Another way to get around automated bots

Replies are listed 'Best First'.
•Re: Another way to get around automated bots by merlyn (Sage) on May 05, 2004 at 14:18 UTC
And again, this is a technical solution that has legal ramifications preventing its use for all but tiny toy sites. I also don't see the advantage to just using a simple image. For one, you just punished a dialup user pretty badly. -- Randal L. Schwartz, Perl hacker Be sure to read my standard disclaimer if this is a reply.	[reply]
Re: •Re: Another way to get around automated bots by davido (Cardinal) on May 05, 2004 at 17:32 UTC
I was amazed the other day when I set up a PayPal account. I found that in order to set up the account I had to repeat back the numbers that I read from a slightly obscured graphic image. Paypal is hardly a "toy" site. My immediate thought was, "Isn't this what merlyn's always talking about?" Unbelievable that they would use such a limiting method to authenticate users. Dave	[reply]
Re: •Re: Another way to get around automated bots by AssFace (Pilgrim) on May 05, 2004 at 14:37 UTC
Yes, dealing with the various disabled users is tough because in order for them to make use of it, they need the computer to see it (and then be spoken in the case of someone that is blind - or sight limited or whatever the current PC terms are), and if the computer can see it - then any bot can see it. I guess I should consider myself fortunate that I don't ever have to program for that - every application I have written has been for an environment where sight is assumed. The advantage over using an image is that it can't be scanned by a bot and read - if you have an image on a page, the bot can look for the image and then pull the data from the image (easiest way is using neural net training - well, I guess not "easiest" but most effective for varied image types). But if there is no image there, then that particular bot can't find anything. The text is also not on the page, so it can't find anything either. The bot then has to parse the appropriate content on the page (which is easy if it is the only thing on the page, harder as you add more content and dynamically change how you reference the classes) and rebuild it as an image, and then do the analysis on it. There are ways of making it much harder for the bot to rebuild it. Yeah, it is about 10K to represent the same as what a 1K PNG could have done - certainly not ideal for showing images - but this wouldn't be something that you would do on every page either. That is about a 2 to 3 second download for a 33kbps modem user. ------------------------------------------------------------------- There are some odd things afoot now, in the Villa Straylight.	[reply]

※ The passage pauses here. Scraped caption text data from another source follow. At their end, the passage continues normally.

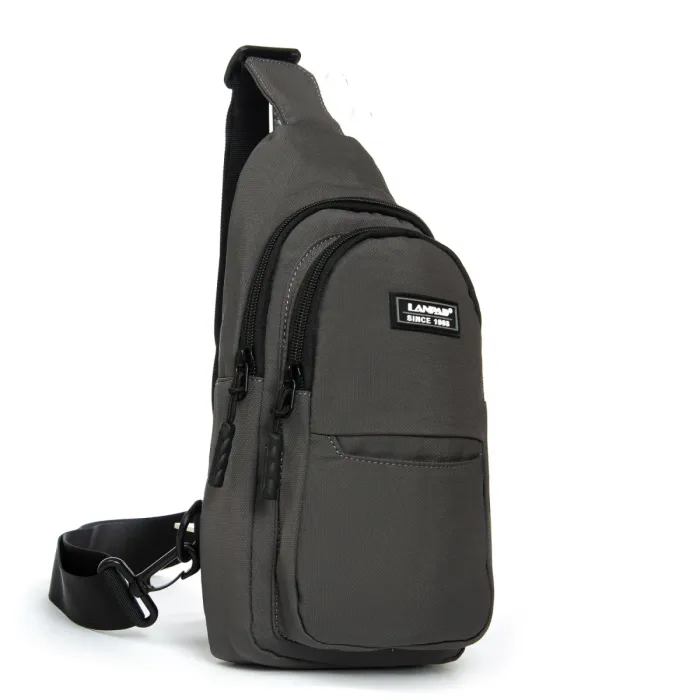 Сумка Мужская На Плечо нейлон Lanpad A4159 grey бол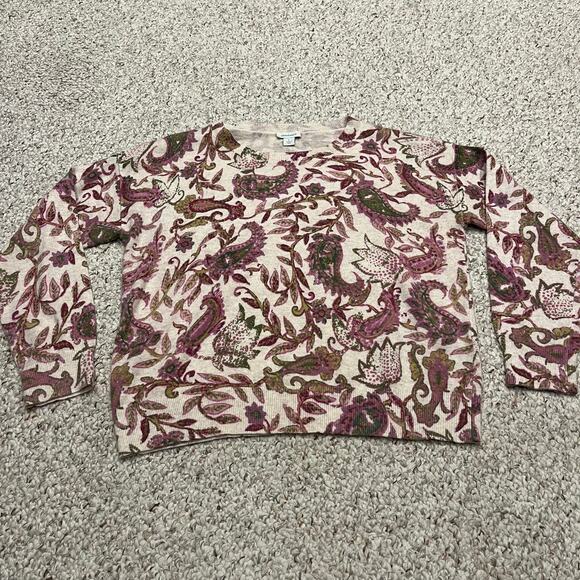 Sundance Paisley Floral Pullover Sweater Sz L Cream Pink Feminine Wool Blend - Picture 1 of 6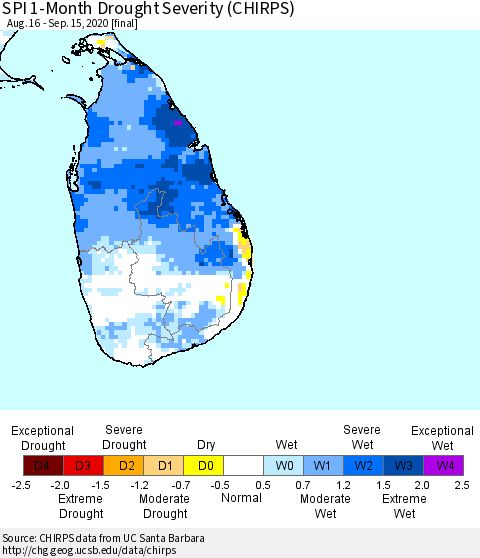 Sri Lanka SPI 1-Month Drought Severity (CHIRPS) Thematic Map For 8/16/2020 - 9/15/2020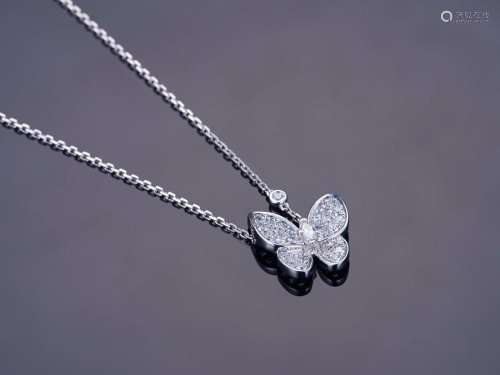 18K WHITE GOLD DIAMOND VAN CLEEF ARPELS BUTTERFLY NECKLACE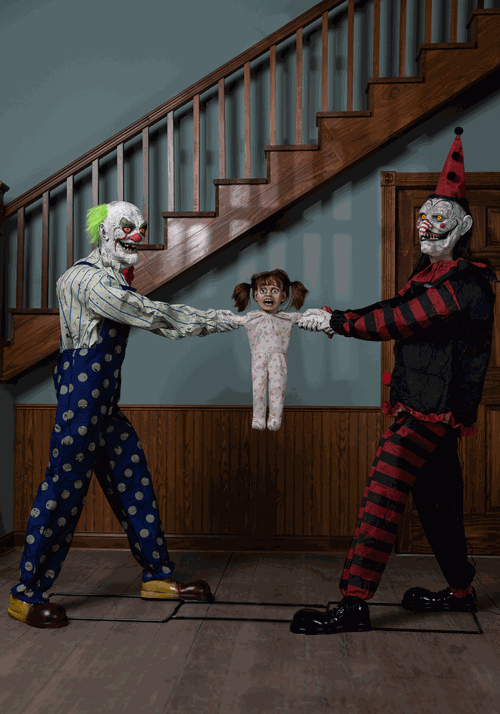 Animated Tug of War Evil Clowns Halloween Decoration - US 6077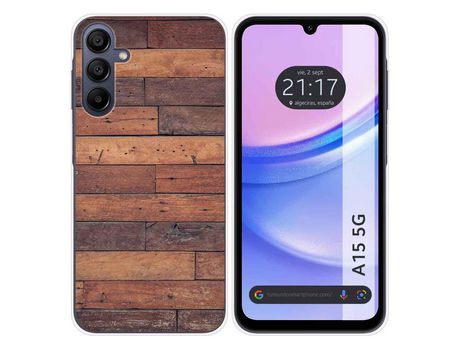 Funda Silicona para Samsung Galaxy A15 diseño Madera 03 Dibujos TUMUNDOSMARTPHONE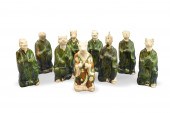 9 CHINESE SANCAI GLAZED ZODIAC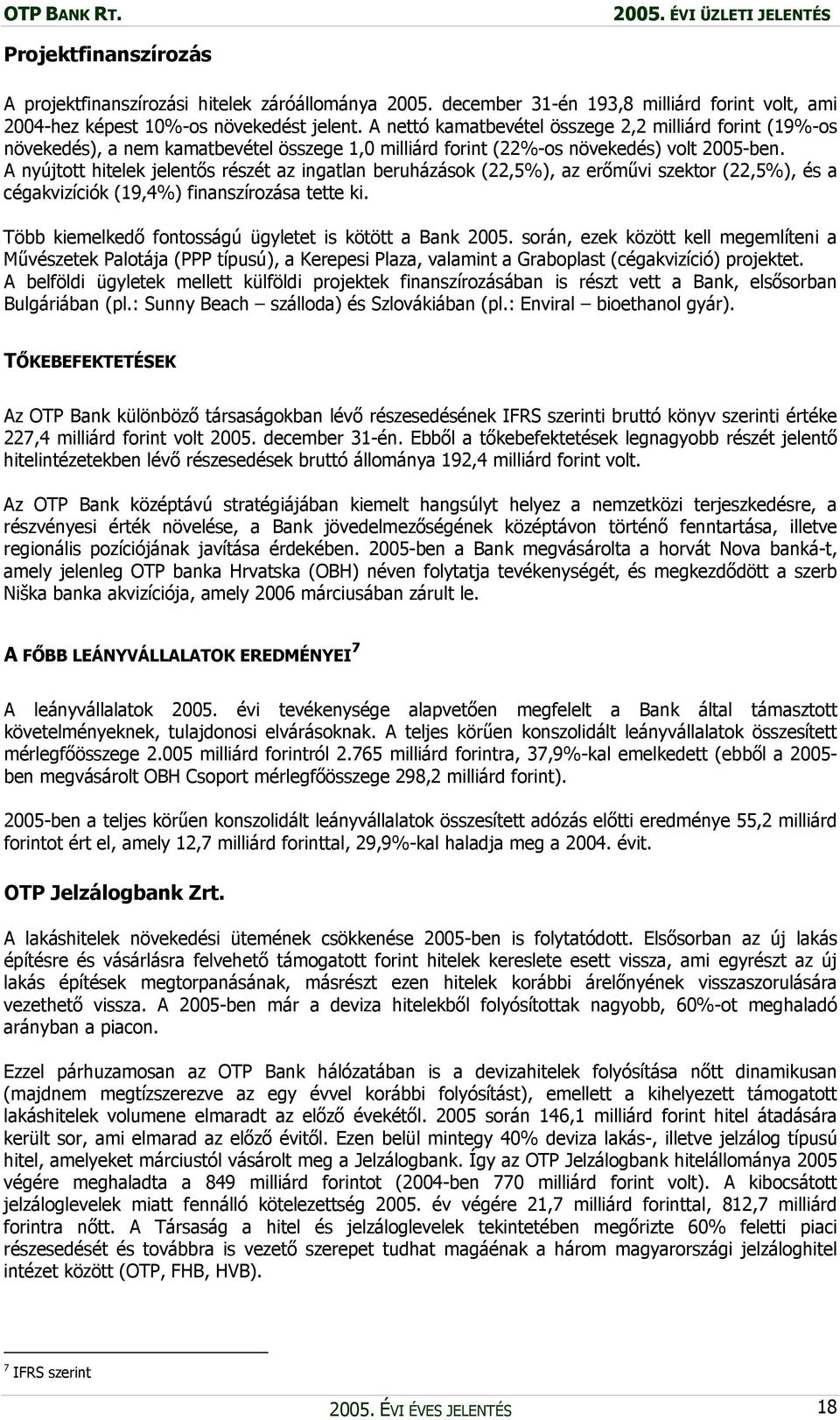 A nyújtott hitelek jelentős részét az ingatlan beruházások (22,5%), az erőművi szektor (22,5%), és a cégakvizíciók (19,4%) finanszírozása tette ki.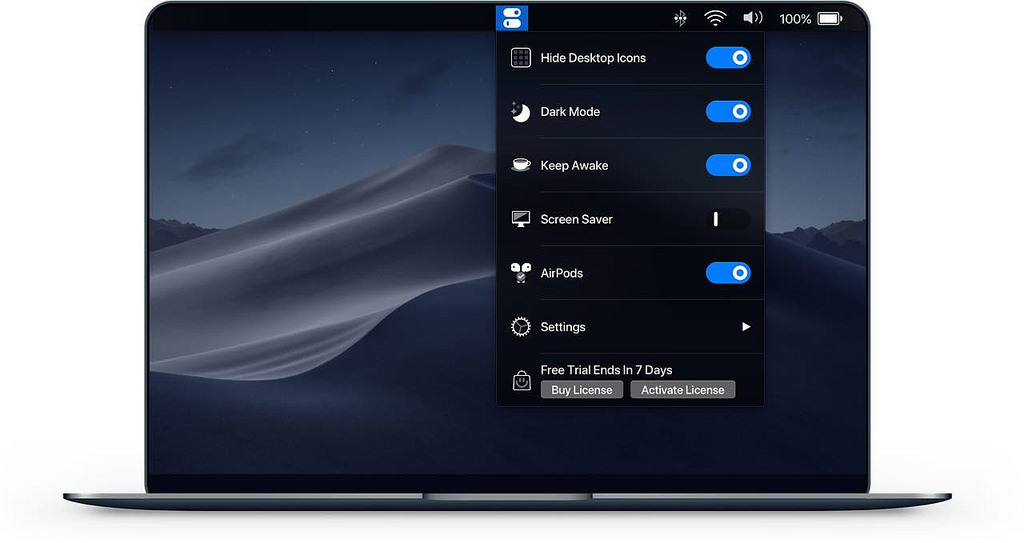 One Switch – mang những “Nút” hữu ích lên menu bar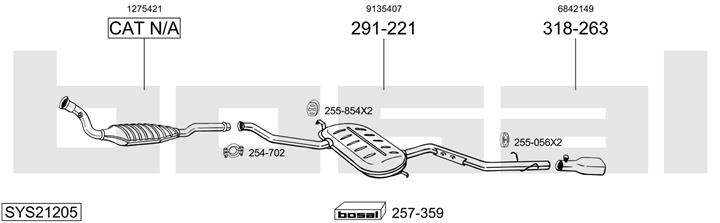 Bosal SYS21205 Muffler assy SYS21205: Buy near me in Poland at 2407.PL - Good price!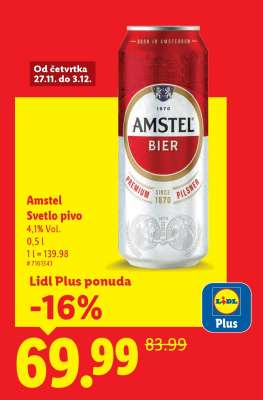 Amstel Světlé pivo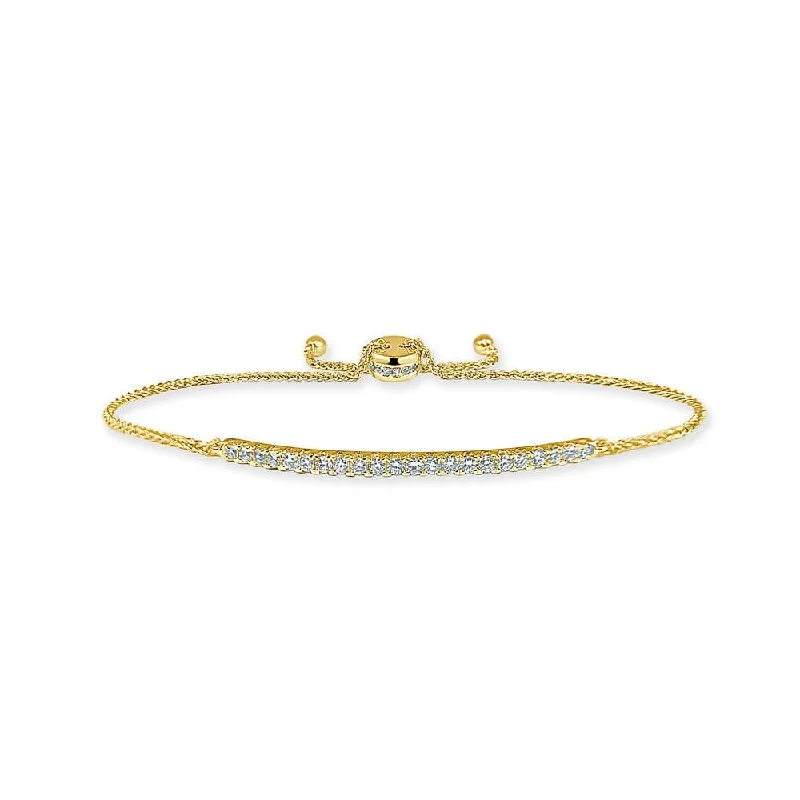 women's sleek silver bangles-14k Gold & Diamond Bolo Bracelet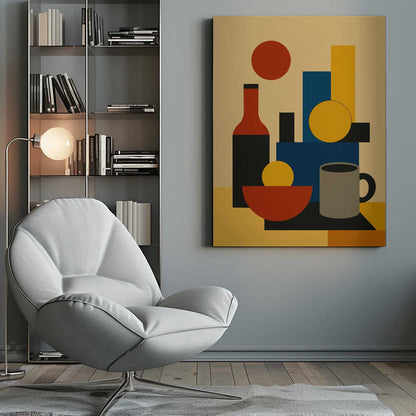 Wall art Geometric Still Life with Bottle 02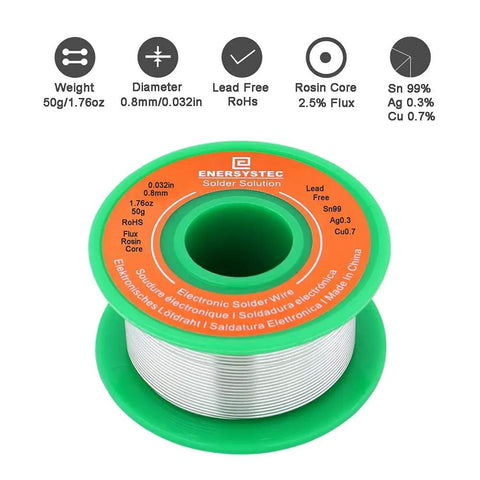 Lead Free Solder Wire With Rosin Core Flux 0.8mm Easy Flow Sn99 Ag0.3 Cu0.7 No Clean Electronics Soldering Wire spool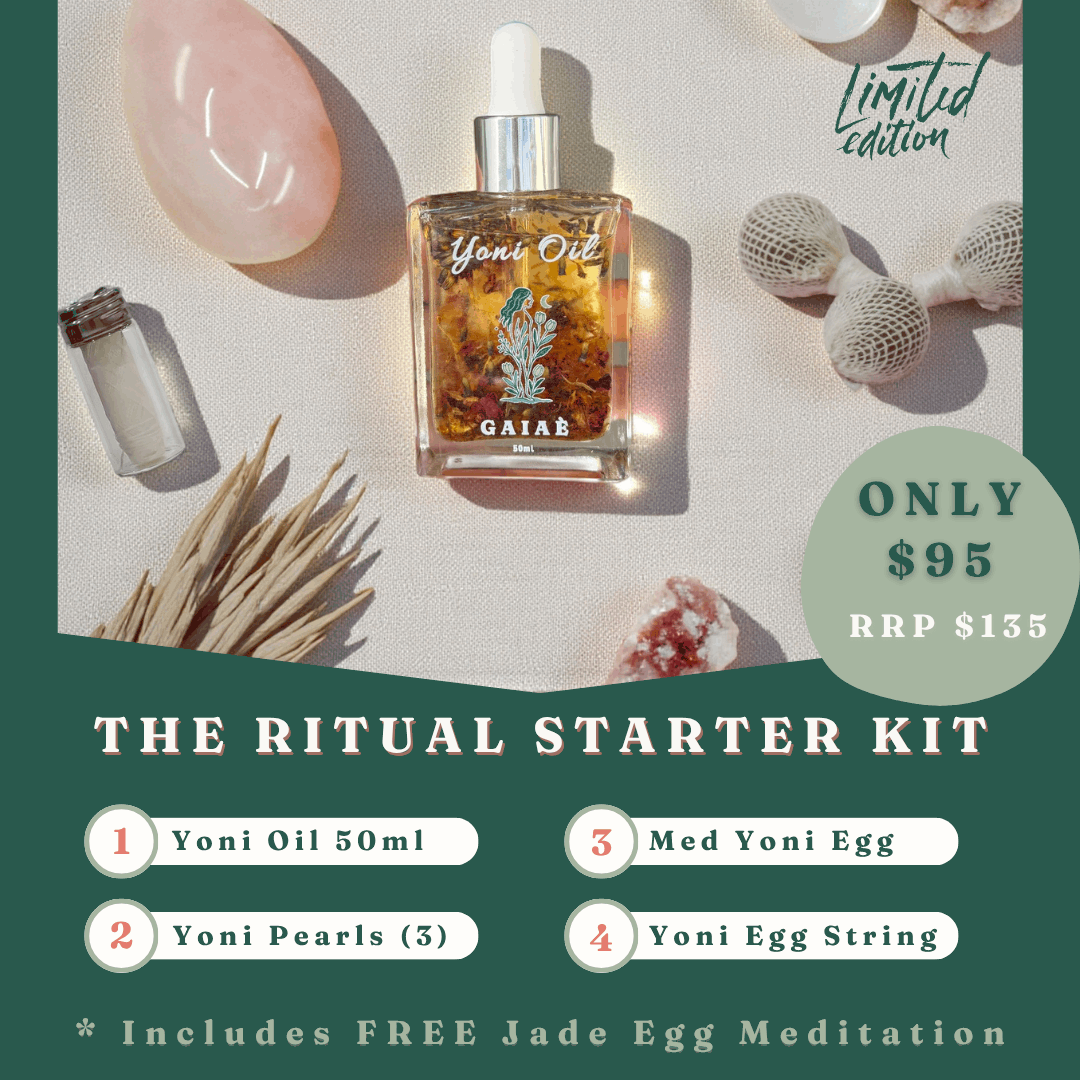 A complete beginner’s ritual — now with a guided jade egg meditation

Your sacred beginning starts here. This limited-edition bundle is crafted for the woman ready to reconnect to her body, release what no longer serves, and soften into self-devotion.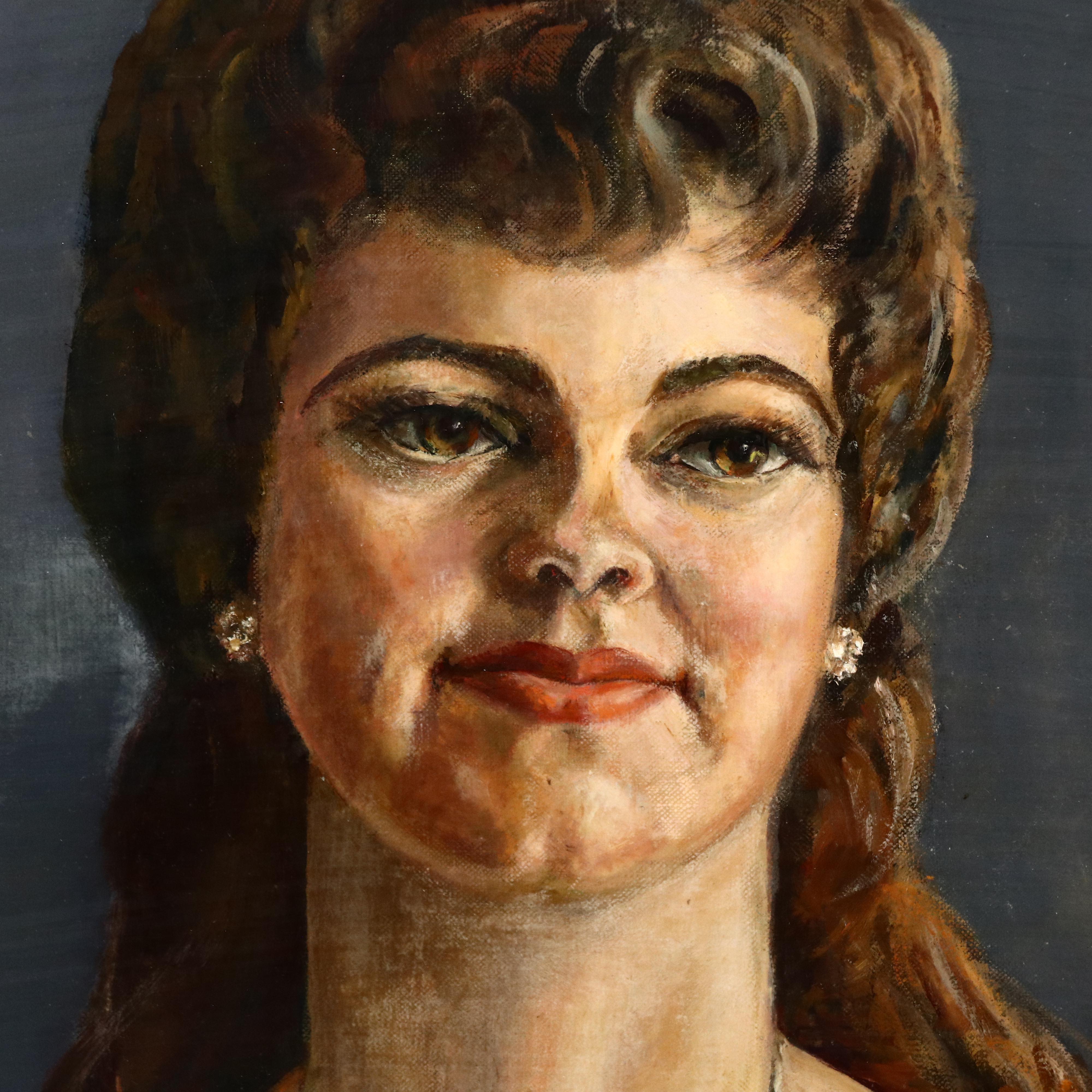 Juanita G. Williams Portrait Oil Painting of Young Woman, 1961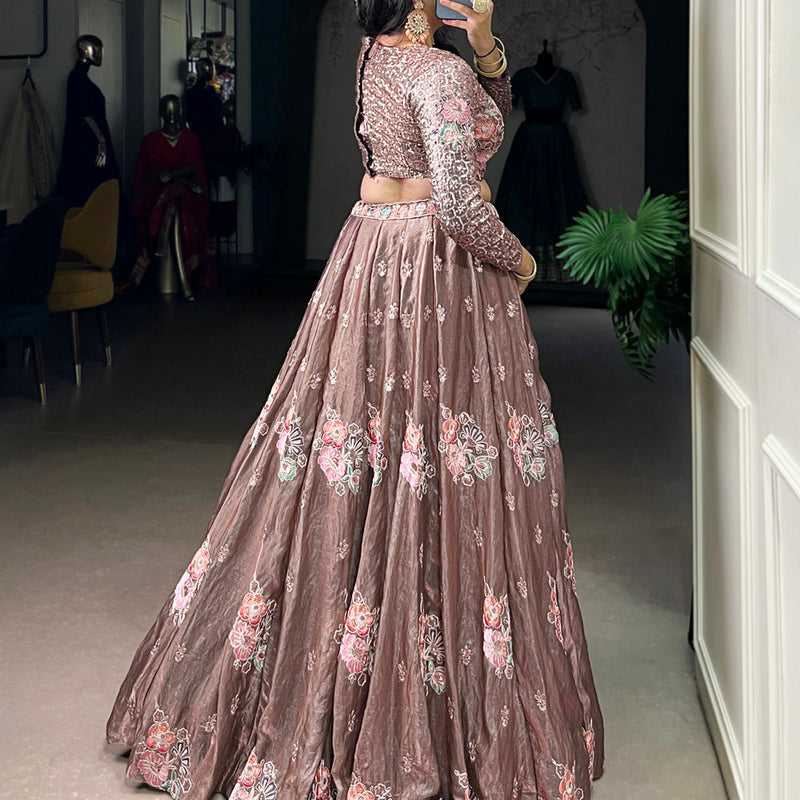 Onion Color Sequince And Thread Embroidery Work Fendi Co-Ord Set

Re^3: Another way to get around automated bots by adrianh (Chancellor) on May 05, 2004 at 16:30 UTC
I guess I should consider myself fortunate that I don't ever have to program for that - every application I have written has been for an environment where sight is assumed. I'd be careful about those assumptions (disclaimer: people pay me for accessibility work :-) For government or government funded sites in the UK, US and in other countries accessibility is a major issue - contractually or legally depending on locale. For business sites it's becoming a potential legal/PR minefield. The advantage over using an image is that it can't be scanned by a bot and read. Yes it can. Automating a web browser and a screen grab program isn't hard. With a little more effort they can just parse and interpret the HTML directly. The question is - is it worth the effort for somebody to do this on your site. The WAI have a nice working paper on the topic Inaccessibility of Visually-Oriented Anti-Robot Tests for those who are interested in the topic. Personally I have found heuristic server-side solutions much more effective. For example: Require an response from the user via email Keep an eye out for registrations coming from the same IP/domain Keep an eye out for registrations with similar data Feedback forms with "random" names and a tracking ID to make them do a lot more work to automate the submission. ... I'm sure you get the idea... Depending on your application it may be worth thinking how much a captured registration is worth in the currency of your choice, and then thinking about how many registrations a minimum wage worker could make on your site in an hour. If the math comes out the wrong way you're going to have to rethink anyway.	[reply]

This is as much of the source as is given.